A FIRE-ravaged derelict mill in the Bradford district is effectively ownerless under an "unusual" and "arcane" law, the Telegraph & Argus has learned.

In the last week, police launched two arson probes after separate fires hit Dalton Mills in Keighley.

The latest blazes further damaged the Grade II*-listed building, which was struck by a huge fire in 2022, resulting in two teenagers being charged with arson earlier this year. The two 17-year-olds, who cannot be named for legal reasons, are next due to appear in court in August.

Now, enquiries made by the T&A since the new fires have uncovered that the 19th Century complex - which was used as a set for the filming of Peaky Blinders - is subject to a little-known legal process known as 'escheat'.

Firefighters at Dalton Mills earlier this week

Land Registry documents show that Dalton Mills was bought by Bellissimo Investments Limited, of Northampton, for £10,000 in 2013.

But after that company was dissolved via a compulsory strike-off in 2021, Dalton Mills automatically passed to the Crown.

Two years later, the Treasury Solicitor disclaimed - or gave up - Dalton Mills to the Crown Estate, leaving the property to become subject to escheat, which means it effectively became ownerless.

The Crown Estate described the process of escheat as "unusual".

It has not been revealed exactly why Dalton Mills was disclaimed by the Treasury Solicitor, but the Government said such an action may happen for various reasons - including when a property is in a dangerous state.

According to the Crown Estate, when an asset is subject to escheat, the Crown Estate is "not able to take any action which might be construed as an act of management, possession or ownership in relation to the property" - such as carrying out repairs - as it may incur liabilities.

The Crown Estate cannot consent to works being carried out by a third party on escheat property. However, it will not interfere with any works being carried out by an "appropriate body", such as Bradford Council, as local authorities have lawful powers to make dangerous buildings and structures safe.

A Bradford Council spokesperson said: "Bradford Council does not own any part of the Dalton Mill complex. Dalton Mills is currently being held by the Crown Estate.

"The Council does not have a duty to keep the site secure. However, we do have some statutory responsibilities regarding dangerous structures - including those affected by fire damage - and can take action to remove any danger."

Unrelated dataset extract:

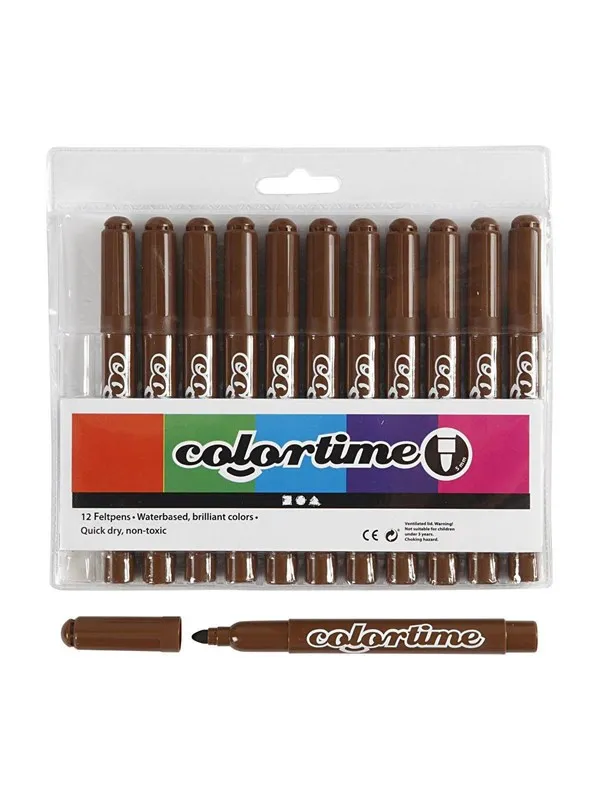 Creativ Company Brown Jumbo markers 12pcs.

The spokesperson said any such action on this occasion would depend on the outcome of a structural assessment, which is still underway after the recent fires.

"Dalton Mills is a key heritage building in the heart of Keighley and we remain supportive of efforts to preserve and restore it," the spokesperson said.

They added that the Council would liaise with any future owner of the site "regarding its long-term future".

The 2022 fire at Dalton Mills

A spokesperson for Historic England - which aims to protect listed buildings - said: "Following the recent fires at Dalton Mills, we are working with Bradford Council and the fire and police services on approaches to improving security at the site."

A West Yorkshire Fire and Rescue Service spokesperson said: "We're supportive of our partners and stakeholders getting security at the site to a standard where the risk of fire is minimised. This will help to reduce the risk both to our firefighters and the public and the historic building."

A spokesperson for West Yorkshire Police said officers were continuing to appeal for witnesses following the latest fires, and urged anyone who was in the area from the evening of June 9 into June 10 to come forward, quoting crime reference 13240310081.

Any individual or company interested in buying escheat property - such as Dalton Mills - should contact law firm Burges Salmon, which acts for the Crown Estate on such matters. Burges Salmon described escheat as an "arcane aspect of our legal system".

Once the largest textile mill in Yorkshire - employing more than 2,000 workers - Dalton Mills was built by Joseph Craven in 1869, replacing the original mill from the 1780s.

As well Peaky Blinders, it has also been used for Downton Abbey, The Great Train Robbery and the 2016 film The Limehouse Golem, starring Bill Nighy.